1) We have calculated a 95% confidence interval and would prefer for our next confidence interval to
have a smaller margin of error without losing any confidence. In order to do this, we can
I. change the z* value to a smaller number.
II. take a larger sample.
III. take a smaller sample.
A) I and II
B) II only
C) I only
D) III only
E) I and III
1)
2) Which is true about a 98% confidence interval for a population proportion based on a given
sample?
I. We are 98% confident that other sample proportions will be in our interval.
II. There is a 98% chance that our interval contains the population proportion.
III. The interval is wider than a 95% confidence interval would be.
A) III only
B) None
C) I and II
D) I only
E) II only
2)
3) We have calculated a confidence interval based on a sample of size n = 100. Now we want to get a
better estimate with a margin of error that is only one-fourth as large. How large does our new
sample need to be?
A) 50
B) 1600
C) 400
D) 200
E) 25
3)
4) A certain population is bimodal. We want to estimate its mean, so we will collect a sample. Which
should be true if we use a large sample rather than a small one?

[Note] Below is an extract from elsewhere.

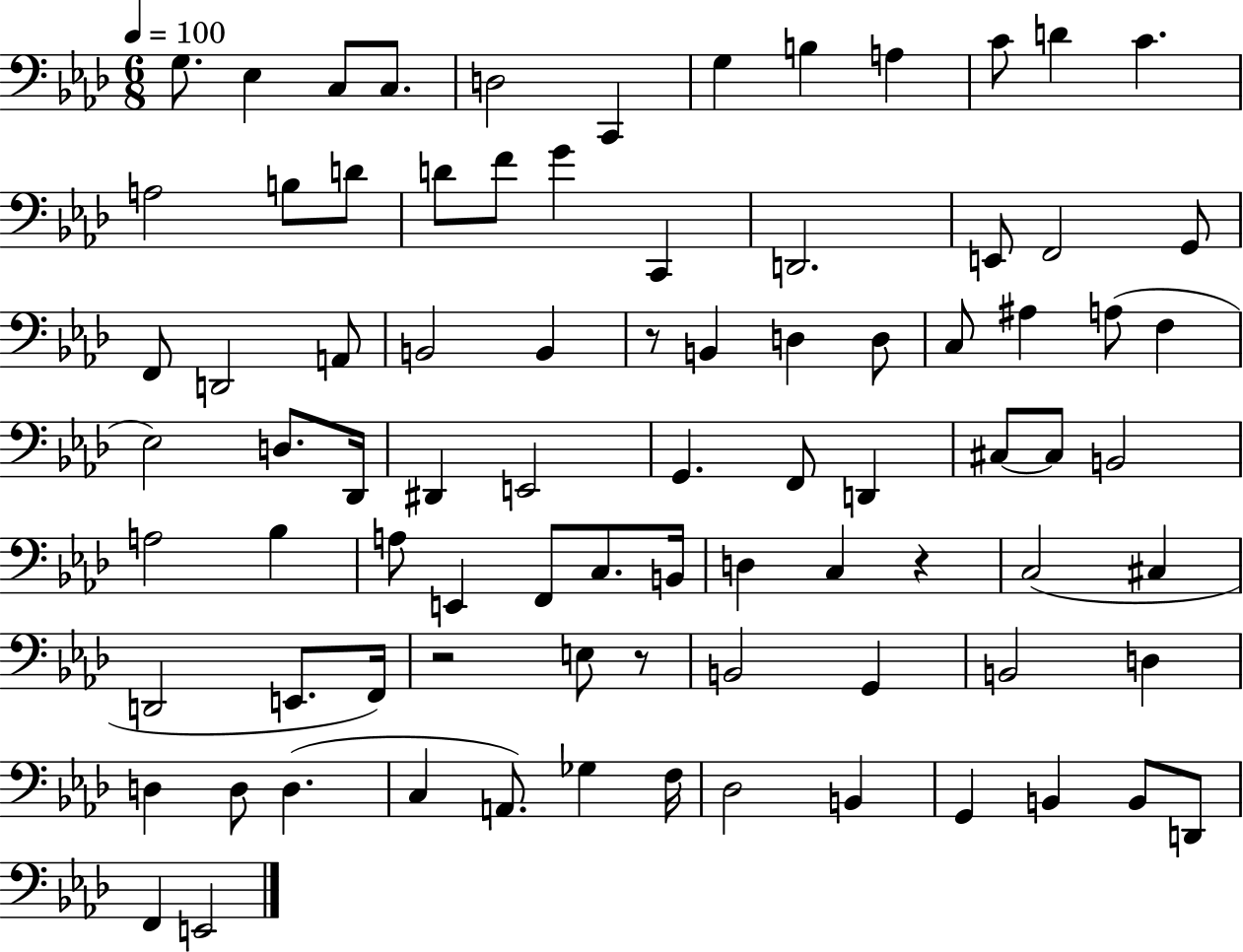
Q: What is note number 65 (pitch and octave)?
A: D3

I. The distribution of our sample data will be clearly bimodal.
II. The sampling distribution of the sample means will be approximately normal.
III. The variability of the sample means will be smaller.
A) II only
B) III only
C) I only
D) II and III
E) I, II, and III
4)
5) The manager of an orchard expects about 70% of his apples to exceed the weight requirement for
"Grade A" designation. At least how many apples must he sample to be 90% confident of
estimating the true proportion within ± 4%?
A) 356
B) 19
C) 23
D) 89
E) 505
5)
6) A P-value indicates
A) the probability of the observed statistic given that the alternative hypothesis is true.
B) the probability that the alternative hypothesis is true.
C) the probability the null is true given the observed statistic.
D) the probability of the observed statistic given that the null hypothesis is true.
E) the probability that the null hypothesis is true.
6)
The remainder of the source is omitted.